“Why do patients with dementia or cognitive decline remain stuck in past memories?”

KAIST researchers have identified, for the first time in the world, the existence of a “neural switch” in the brain that selectively retrieves the most recent memories. This study reveals the principle by which the brain selects necessary information between past memories and new memories, presenting new possibilities for future treatments for memory decline and reduced cognitive flexibility.

KAIST announced on the 17th of May that a research team led by Professor Jin-Hee Han of the Department of Biological Sciences has discovered, for the first time in the world, that a specific neural circuit connecting the medial septum (MS, a brain region that regulates memory and learning) and the medial entorhinal cortex (MEC, a brain region connected to the hippocampus* that processes memory information) switches between past and recent memories and plays a key role in selecting up-to-date information appropriate for the situation.
*Hippocampus: a key brain region that creates and stores new memories

We live by updating our memories through new experiences every day. For example, if the restaurant we visited today was more satisfying than the one we visited yesterday, the brain modifies the existing memory to reflect the new information. In this way, the ability to select necessary information between past and present memories is central to higher cognitive functions such as decision-making, problem-solving, future prediction, and logical reasoning. However, the principle by which the brain distinguishes and switches between memories has long remained unknown.

The research team focused on the medial septum, located deep within the brain. The medial septum regulates the activity rhythms of the hippocampus and acts as a “conductor” that helps the brain effectively store and retrieve information.

The study found that when specific neurons in the medial septum send signals to the medial entorhinal cortex, a brain region that processes memory information and delivers it to the hippocampus, the brain is better able to recall recent memories.

Conversely, when the research team artificially blocked this neural circuit using light, experimental animals were unable to use recent information and behaved according to past patterns. Neural activity in the hippocampus, which plays an important role in memory representation, also reverted to a past state.
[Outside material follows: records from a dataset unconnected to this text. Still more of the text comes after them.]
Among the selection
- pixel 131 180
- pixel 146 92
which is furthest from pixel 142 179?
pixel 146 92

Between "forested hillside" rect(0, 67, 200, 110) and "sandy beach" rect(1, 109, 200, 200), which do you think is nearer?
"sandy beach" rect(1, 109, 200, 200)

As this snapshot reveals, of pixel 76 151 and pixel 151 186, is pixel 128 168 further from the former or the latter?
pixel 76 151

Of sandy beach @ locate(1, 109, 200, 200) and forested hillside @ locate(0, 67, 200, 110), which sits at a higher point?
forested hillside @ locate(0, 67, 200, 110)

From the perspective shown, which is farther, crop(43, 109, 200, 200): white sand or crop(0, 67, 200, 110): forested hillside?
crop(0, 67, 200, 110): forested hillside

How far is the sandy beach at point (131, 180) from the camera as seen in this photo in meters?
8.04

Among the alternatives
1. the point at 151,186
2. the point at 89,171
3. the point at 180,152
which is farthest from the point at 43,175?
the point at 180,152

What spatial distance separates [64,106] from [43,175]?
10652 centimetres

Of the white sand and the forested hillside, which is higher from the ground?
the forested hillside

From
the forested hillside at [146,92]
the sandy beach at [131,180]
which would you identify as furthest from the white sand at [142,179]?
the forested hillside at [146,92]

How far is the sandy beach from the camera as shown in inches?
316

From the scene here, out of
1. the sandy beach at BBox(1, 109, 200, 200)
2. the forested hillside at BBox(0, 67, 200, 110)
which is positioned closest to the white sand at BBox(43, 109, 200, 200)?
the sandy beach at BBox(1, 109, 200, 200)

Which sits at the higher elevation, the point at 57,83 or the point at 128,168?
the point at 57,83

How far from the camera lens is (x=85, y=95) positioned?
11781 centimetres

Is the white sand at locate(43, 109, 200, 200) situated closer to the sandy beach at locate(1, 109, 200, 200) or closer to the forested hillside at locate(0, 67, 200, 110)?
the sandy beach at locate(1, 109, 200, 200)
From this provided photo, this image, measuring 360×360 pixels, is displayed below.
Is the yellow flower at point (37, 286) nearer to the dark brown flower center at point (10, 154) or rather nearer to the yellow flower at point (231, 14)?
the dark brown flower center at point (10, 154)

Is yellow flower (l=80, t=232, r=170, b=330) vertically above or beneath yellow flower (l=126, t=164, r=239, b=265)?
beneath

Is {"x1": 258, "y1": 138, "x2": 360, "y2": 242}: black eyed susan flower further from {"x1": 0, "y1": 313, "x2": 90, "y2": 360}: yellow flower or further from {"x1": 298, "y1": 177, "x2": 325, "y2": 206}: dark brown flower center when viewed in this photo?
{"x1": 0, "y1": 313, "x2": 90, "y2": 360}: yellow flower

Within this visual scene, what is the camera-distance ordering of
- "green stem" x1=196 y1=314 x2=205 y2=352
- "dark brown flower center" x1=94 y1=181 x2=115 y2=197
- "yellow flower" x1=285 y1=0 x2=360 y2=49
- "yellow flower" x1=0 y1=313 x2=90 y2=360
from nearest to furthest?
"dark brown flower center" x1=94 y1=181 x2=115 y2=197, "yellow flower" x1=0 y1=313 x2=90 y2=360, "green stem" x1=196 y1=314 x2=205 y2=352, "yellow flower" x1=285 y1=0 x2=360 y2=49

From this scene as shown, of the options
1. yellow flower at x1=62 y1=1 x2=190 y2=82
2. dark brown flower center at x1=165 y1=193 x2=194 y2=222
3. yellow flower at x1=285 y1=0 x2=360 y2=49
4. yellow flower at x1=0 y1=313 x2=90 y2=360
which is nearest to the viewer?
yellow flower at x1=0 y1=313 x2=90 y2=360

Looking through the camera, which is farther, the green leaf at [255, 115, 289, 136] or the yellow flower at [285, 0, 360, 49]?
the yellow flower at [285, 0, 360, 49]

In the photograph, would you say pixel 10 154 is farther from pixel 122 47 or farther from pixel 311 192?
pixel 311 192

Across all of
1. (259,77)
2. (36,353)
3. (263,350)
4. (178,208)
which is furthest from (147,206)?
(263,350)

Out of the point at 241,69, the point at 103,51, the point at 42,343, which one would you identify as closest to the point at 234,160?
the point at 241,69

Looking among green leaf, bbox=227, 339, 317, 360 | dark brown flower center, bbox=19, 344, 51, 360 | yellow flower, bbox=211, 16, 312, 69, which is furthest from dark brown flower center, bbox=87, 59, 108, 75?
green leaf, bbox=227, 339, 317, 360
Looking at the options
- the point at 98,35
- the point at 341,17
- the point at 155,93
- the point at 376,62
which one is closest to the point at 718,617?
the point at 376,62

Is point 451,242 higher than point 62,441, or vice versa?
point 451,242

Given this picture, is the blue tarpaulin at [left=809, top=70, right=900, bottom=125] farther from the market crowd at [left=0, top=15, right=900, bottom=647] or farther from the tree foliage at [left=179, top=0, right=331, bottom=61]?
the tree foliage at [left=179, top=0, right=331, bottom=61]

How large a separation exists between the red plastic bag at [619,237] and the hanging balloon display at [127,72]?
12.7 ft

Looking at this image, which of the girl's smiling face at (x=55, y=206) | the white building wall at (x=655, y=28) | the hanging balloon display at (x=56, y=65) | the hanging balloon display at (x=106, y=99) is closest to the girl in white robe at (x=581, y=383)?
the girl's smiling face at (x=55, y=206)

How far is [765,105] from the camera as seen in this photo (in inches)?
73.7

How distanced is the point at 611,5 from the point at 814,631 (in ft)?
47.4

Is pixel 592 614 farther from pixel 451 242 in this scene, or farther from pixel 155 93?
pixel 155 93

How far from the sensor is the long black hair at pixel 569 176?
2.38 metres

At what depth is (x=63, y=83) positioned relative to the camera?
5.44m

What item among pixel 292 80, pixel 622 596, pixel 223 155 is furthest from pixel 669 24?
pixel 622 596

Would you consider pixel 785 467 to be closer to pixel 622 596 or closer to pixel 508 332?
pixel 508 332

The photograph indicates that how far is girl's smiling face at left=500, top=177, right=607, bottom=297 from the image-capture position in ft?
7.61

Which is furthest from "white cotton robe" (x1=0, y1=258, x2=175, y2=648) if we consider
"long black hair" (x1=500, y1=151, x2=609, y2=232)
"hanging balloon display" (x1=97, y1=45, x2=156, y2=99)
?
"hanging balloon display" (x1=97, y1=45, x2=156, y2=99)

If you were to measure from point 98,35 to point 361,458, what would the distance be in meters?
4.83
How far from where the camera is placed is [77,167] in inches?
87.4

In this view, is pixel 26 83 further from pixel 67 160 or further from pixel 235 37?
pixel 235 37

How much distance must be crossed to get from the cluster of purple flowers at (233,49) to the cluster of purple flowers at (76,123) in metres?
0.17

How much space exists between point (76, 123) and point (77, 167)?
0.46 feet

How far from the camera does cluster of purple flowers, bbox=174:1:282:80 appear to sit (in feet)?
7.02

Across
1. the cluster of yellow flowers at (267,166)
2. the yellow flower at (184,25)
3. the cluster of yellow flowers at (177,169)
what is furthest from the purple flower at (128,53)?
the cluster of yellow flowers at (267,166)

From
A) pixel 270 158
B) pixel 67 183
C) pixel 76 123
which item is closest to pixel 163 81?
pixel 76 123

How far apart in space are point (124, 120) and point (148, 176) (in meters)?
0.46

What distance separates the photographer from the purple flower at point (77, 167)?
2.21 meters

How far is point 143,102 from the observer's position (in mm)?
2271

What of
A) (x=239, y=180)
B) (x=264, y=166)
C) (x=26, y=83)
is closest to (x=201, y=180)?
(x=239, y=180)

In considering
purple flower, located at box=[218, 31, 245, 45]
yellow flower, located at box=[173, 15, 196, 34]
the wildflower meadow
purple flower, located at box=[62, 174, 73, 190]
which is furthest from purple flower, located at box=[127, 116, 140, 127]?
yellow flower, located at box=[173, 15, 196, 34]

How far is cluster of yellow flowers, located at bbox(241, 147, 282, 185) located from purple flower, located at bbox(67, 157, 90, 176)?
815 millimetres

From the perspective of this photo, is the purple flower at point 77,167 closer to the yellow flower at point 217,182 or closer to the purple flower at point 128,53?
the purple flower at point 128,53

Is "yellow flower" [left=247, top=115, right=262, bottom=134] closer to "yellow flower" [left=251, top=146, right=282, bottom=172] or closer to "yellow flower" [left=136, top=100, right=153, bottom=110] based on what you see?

This shows that the circuit acts as a “neural switch” that selects the most recent information needed for the current situation among multiple memories.
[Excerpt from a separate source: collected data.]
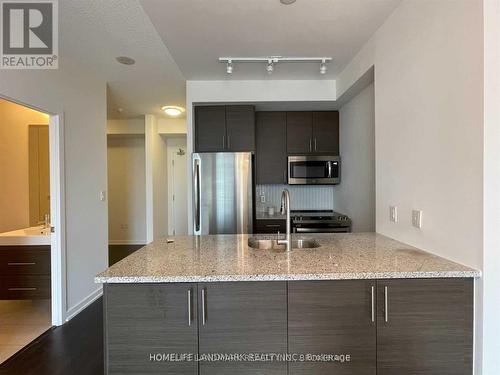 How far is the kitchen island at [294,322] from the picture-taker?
4.57ft

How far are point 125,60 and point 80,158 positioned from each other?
114 centimetres

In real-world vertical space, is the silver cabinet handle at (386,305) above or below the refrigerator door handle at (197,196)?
below

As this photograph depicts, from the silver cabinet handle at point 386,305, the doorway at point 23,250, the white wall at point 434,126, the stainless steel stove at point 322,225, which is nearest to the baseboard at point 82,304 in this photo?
the doorway at point 23,250

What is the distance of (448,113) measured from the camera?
1.54 meters

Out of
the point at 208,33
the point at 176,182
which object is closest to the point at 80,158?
the point at 208,33

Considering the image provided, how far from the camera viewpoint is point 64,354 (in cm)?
232

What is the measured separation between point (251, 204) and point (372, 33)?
2067mm

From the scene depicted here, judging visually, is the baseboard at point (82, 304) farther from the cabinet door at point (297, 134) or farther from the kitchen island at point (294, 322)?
the cabinet door at point (297, 134)

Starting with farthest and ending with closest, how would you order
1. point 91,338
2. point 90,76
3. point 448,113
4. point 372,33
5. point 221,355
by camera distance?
1. point 90,76
2. point 91,338
3. point 372,33
4. point 448,113
5. point 221,355

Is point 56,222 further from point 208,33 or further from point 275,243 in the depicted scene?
point 208,33

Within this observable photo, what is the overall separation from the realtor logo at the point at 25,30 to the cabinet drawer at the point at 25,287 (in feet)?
6.28

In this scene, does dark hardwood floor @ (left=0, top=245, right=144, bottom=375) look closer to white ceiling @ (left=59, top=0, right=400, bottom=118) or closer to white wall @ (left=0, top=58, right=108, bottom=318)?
white wall @ (left=0, top=58, right=108, bottom=318)

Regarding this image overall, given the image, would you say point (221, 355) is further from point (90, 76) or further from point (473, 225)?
point (90, 76) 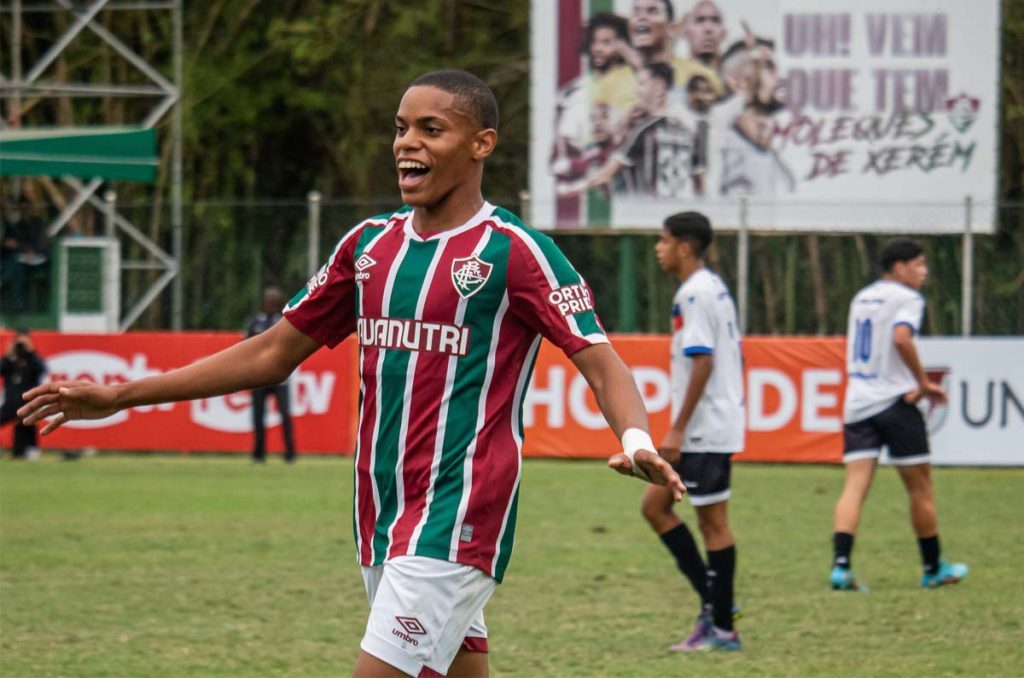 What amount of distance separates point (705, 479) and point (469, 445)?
4229 millimetres

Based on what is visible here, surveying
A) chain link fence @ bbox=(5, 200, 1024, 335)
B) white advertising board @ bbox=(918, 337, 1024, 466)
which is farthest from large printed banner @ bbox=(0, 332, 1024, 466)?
chain link fence @ bbox=(5, 200, 1024, 335)

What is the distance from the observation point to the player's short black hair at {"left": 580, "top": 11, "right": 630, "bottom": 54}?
2170 centimetres

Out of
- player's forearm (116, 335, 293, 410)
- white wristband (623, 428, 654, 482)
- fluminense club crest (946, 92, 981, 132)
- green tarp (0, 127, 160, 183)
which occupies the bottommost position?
white wristband (623, 428, 654, 482)

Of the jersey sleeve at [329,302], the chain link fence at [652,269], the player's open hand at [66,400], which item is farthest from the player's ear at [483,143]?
the chain link fence at [652,269]

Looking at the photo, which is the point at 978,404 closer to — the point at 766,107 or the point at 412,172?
the point at 766,107

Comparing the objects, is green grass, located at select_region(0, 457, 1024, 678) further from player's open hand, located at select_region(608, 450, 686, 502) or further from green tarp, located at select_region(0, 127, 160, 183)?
green tarp, located at select_region(0, 127, 160, 183)

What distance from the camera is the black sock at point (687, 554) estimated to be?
28.9 feet

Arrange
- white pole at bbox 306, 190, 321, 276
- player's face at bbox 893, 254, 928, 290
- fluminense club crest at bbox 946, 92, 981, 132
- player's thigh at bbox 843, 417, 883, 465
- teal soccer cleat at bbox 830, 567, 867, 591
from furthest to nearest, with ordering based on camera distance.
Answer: fluminense club crest at bbox 946, 92, 981, 132, white pole at bbox 306, 190, 321, 276, player's face at bbox 893, 254, 928, 290, player's thigh at bbox 843, 417, 883, 465, teal soccer cleat at bbox 830, 567, 867, 591

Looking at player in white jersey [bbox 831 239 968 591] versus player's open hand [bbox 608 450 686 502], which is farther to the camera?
player in white jersey [bbox 831 239 968 591]

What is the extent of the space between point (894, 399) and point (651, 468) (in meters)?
6.95

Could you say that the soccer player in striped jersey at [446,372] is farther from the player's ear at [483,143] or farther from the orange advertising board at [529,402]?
the orange advertising board at [529,402]

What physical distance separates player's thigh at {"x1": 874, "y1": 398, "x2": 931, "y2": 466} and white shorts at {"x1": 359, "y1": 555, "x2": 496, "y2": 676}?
6535mm

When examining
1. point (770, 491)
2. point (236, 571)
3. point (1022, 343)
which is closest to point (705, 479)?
point (236, 571)

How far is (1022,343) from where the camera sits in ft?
59.0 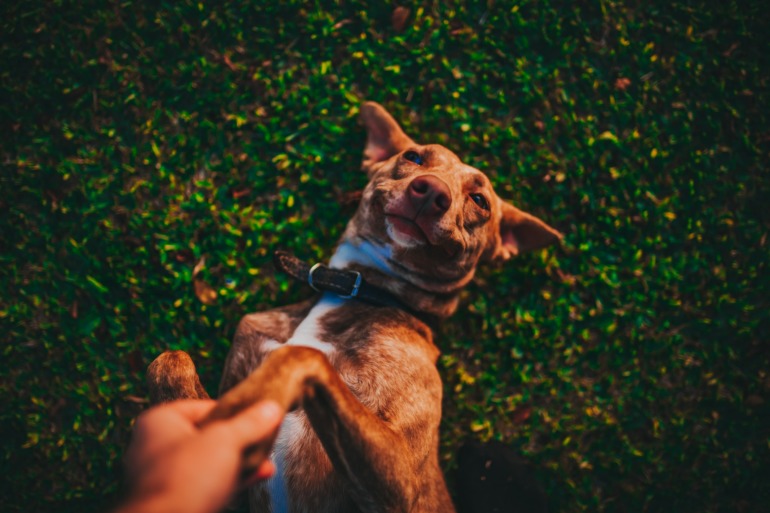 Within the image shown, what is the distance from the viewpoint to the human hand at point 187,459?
1380 millimetres

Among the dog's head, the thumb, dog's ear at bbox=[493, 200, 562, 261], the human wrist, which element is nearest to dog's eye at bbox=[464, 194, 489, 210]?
the dog's head

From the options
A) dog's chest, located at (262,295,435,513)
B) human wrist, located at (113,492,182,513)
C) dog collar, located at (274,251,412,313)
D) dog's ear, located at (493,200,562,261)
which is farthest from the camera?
dog's ear, located at (493,200,562,261)

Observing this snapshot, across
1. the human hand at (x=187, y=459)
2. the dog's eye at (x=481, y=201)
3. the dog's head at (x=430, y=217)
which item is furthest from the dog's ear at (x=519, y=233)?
the human hand at (x=187, y=459)

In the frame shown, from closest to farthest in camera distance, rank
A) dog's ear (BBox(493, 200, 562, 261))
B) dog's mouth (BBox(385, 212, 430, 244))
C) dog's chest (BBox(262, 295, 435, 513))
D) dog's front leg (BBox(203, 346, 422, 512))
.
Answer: dog's front leg (BBox(203, 346, 422, 512))
dog's chest (BBox(262, 295, 435, 513))
dog's mouth (BBox(385, 212, 430, 244))
dog's ear (BBox(493, 200, 562, 261))

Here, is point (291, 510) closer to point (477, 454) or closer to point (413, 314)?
point (413, 314)

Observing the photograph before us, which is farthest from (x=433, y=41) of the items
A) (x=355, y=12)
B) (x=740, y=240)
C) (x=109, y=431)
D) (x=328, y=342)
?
(x=109, y=431)

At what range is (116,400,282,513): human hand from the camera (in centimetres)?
138

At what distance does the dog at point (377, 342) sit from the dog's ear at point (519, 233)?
0.04ft

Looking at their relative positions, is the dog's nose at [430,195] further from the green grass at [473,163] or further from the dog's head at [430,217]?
the green grass at [473,163]

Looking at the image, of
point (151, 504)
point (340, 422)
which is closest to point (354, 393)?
point (340, 422)

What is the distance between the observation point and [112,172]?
428 centimetres

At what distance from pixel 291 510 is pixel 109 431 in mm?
2210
The research team also analyzed memory performance according to brain activity states. Our brain repeatedly shifts between an “online state” (theta waves, brain waves activated during learning and concentration), in which it actively processes information, and an “offline state” (delta waves, slow brain waves that appear during sleep or rest), which is a resting state.

The analysis showed that the longer the online state was maintained, the better recent memories were recalled, while frequent switching between online and offline states significantly reduced memory retrieval ability. This suggests that specific brain rhythms and states are important neurobiological indicators that determine effective memory retrieval.

This study is significant in that it identified the mechanism by which the brain flexibly reflects new information while maintaining past memories. The research team expects that this discovery could lead to the development of new therapeutic technologies to improve memory decline and reduced cognitive flexibility in patients with degenerative brain diseases such as dementia and Alzheimer’s disease.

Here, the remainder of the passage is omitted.